These activities directly support the goals of the EU Critical Raw Materials Act, the Battery Regulation, the Ecodesign for Sustainable Products Regulation (ESPR), and the Corporate Sustainability Due Diligence Directive (CS3D). All of these frameworks emphasize the importance of secure traceability, ethical sourcing, and verifiable compliance.
Building digital trust at scale
Ultimately, Spherity’s work in MaDiTraCe is part of a broader vision: creating a scalable, interoperable trust infrastructure for industrial supply chains. By combining decentralized identity, verifiable credentials, and secure data exchange protocols, Spherity enables organizations to collaborate more effectively, share data with confidence, and meet the growing demand for sustainability and compliance.

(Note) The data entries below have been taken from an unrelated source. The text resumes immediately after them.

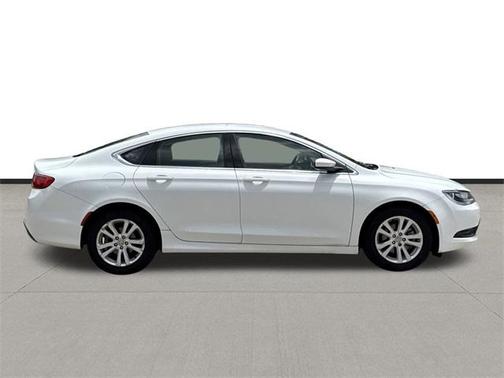 2017 Chrysler 200 LX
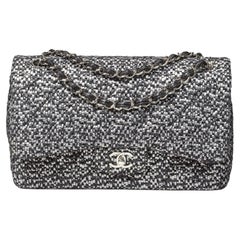 Chanel Silberne Tweed-Tasche mit Pailletten und doppelter Klappe im Jumbo-Format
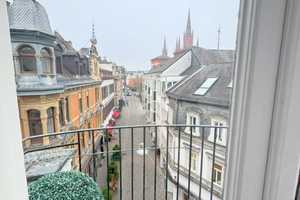 Stilaltbau mit Aufzug & Dachterrasse in der Altstadt Wiesbadens – Wiesbaden – Vorschaubild 1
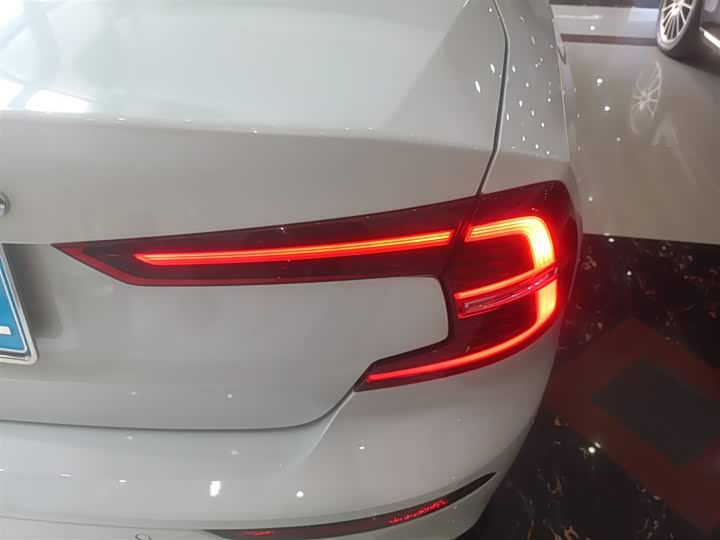 Фото 7 - Volvo S60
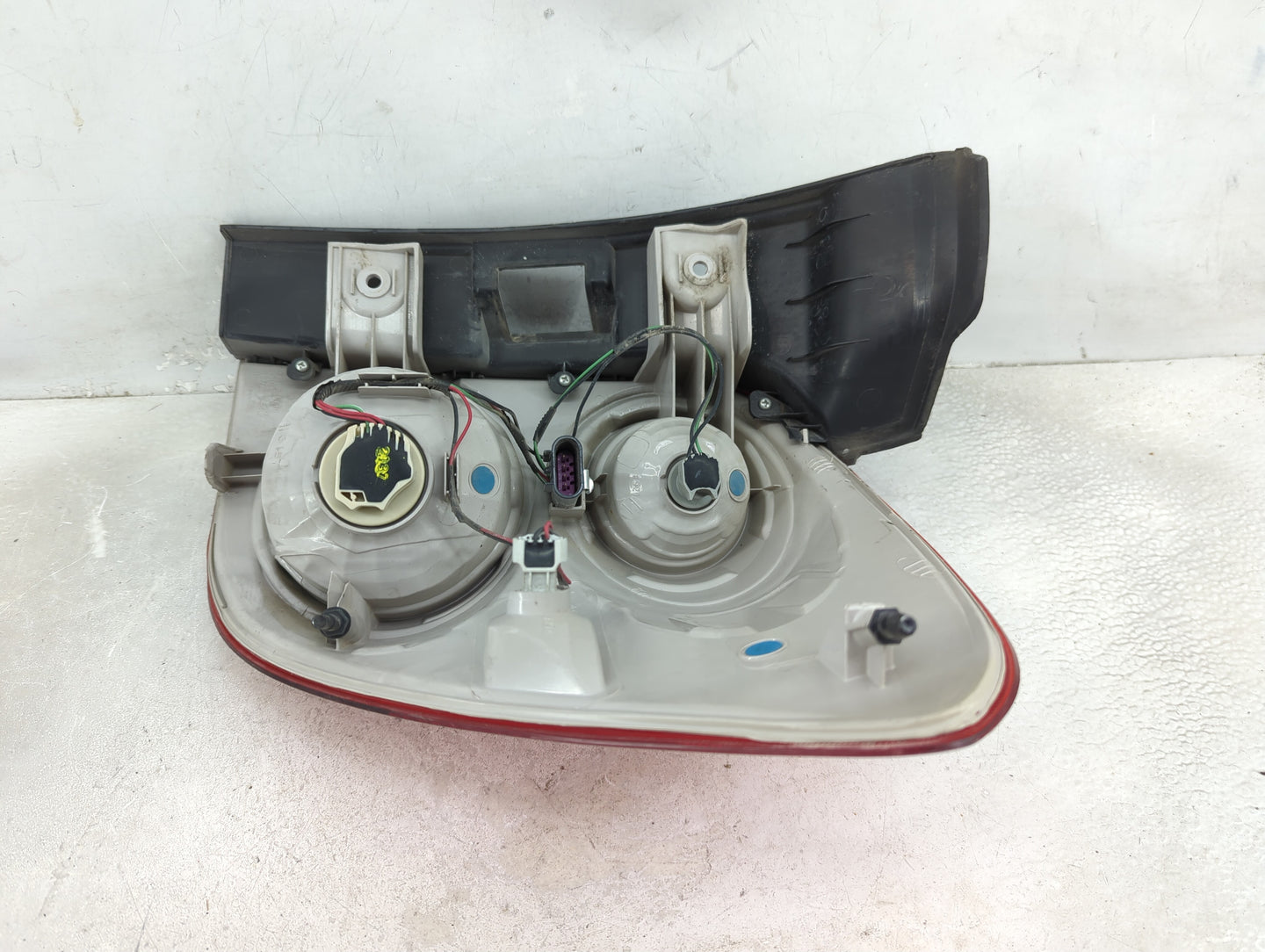 2010-2015 Chevrolet Equinox Tail Light Assembly Passenger Right OEM Fits Fits 2010 2011 2012 2013 2014 2015 OEM Used Auto Pa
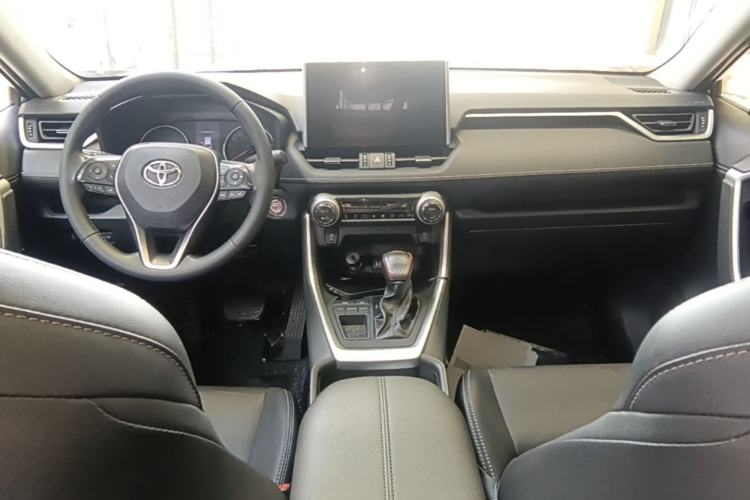 Used Toyota Wildlander 2022 2.0L CVT Two-Wheel Drive Luxury Edition Center Console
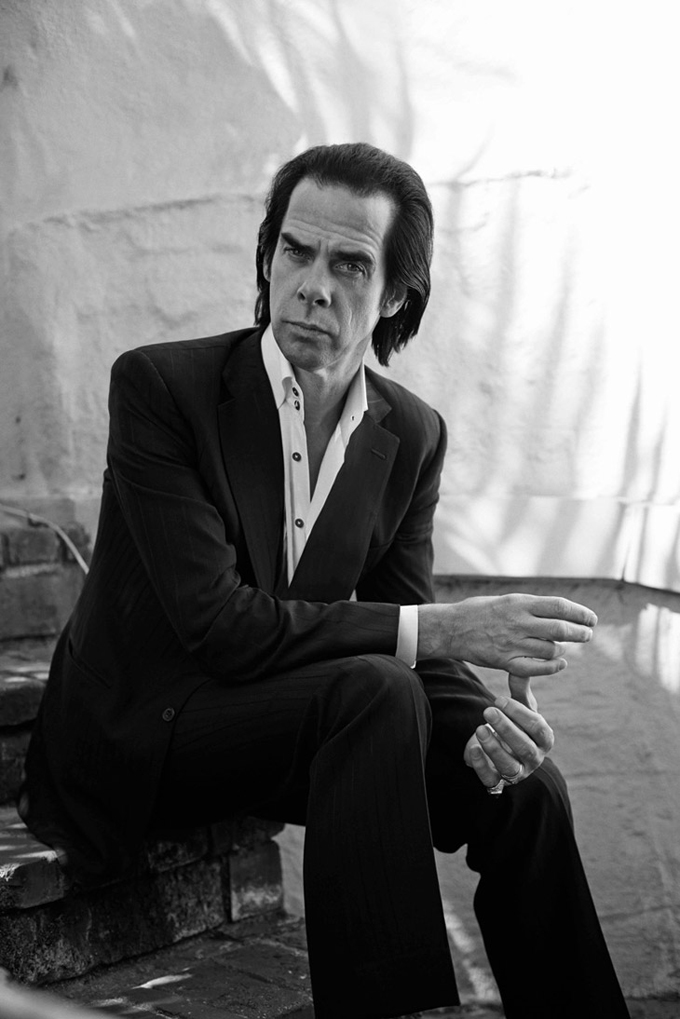 Nick-Cave-LUomo-Vogue-Eric-Guillemain-03.jpg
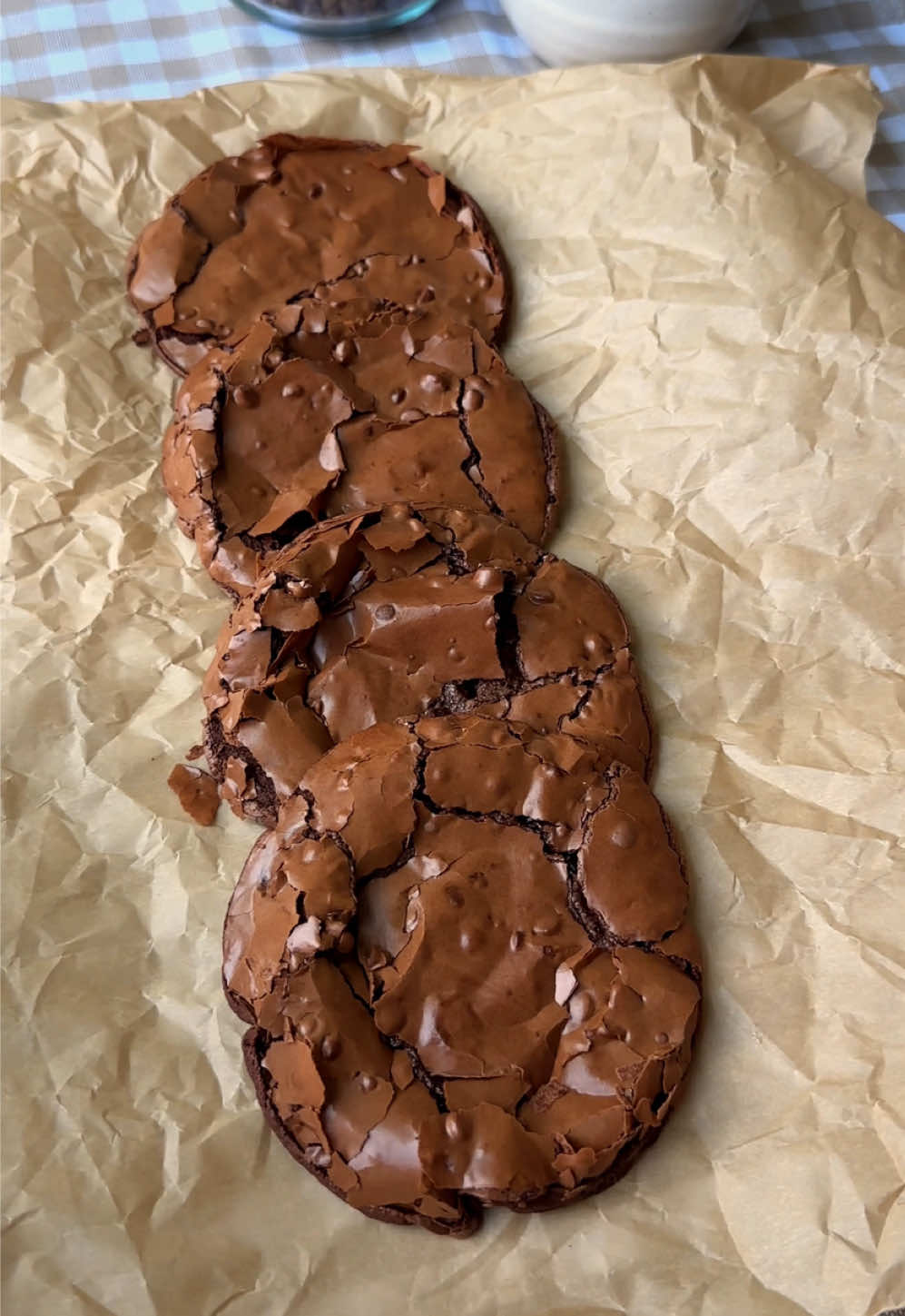 Miso Jen Kitchen: fudgey & chewy 🤤 if you prefer brownie corners & crinkly tops, you’ll absolutely love these!! ingredients: 350g powder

The transition to greener and more transparent supply chains requires more than just good intentions; it requires verifiable proof. Spherity helps make that possible by embedding digital trust into the core of supply chain interactions for traceability.
How your business can benefit from verifiable traceability and find new opportunities with Digital Product Passports
Ensuring the responsible sourcing of critical raw materials isn’t just a regulatory obligation; it’s a foundational step toward building resilient, ethical, and future-proof supply chains. But to move from intention to impact, we need tools that make trust verifiable at every step.
Spherity provides those tools. Through decentralized identity and verifiable credentials, we help connect certified actors, authentic data, and transparent compliance workflows, laying the groundwork for a new standard in supply chain traceability.
The MaDiTraCe project is already showing what’s possible. To stay informed or explore how your organization can benefit from verifiable digital trust, visit our website or contact the Spherity team. Together, we can build the digital backbone of tomorrow’s sustainable supply chains.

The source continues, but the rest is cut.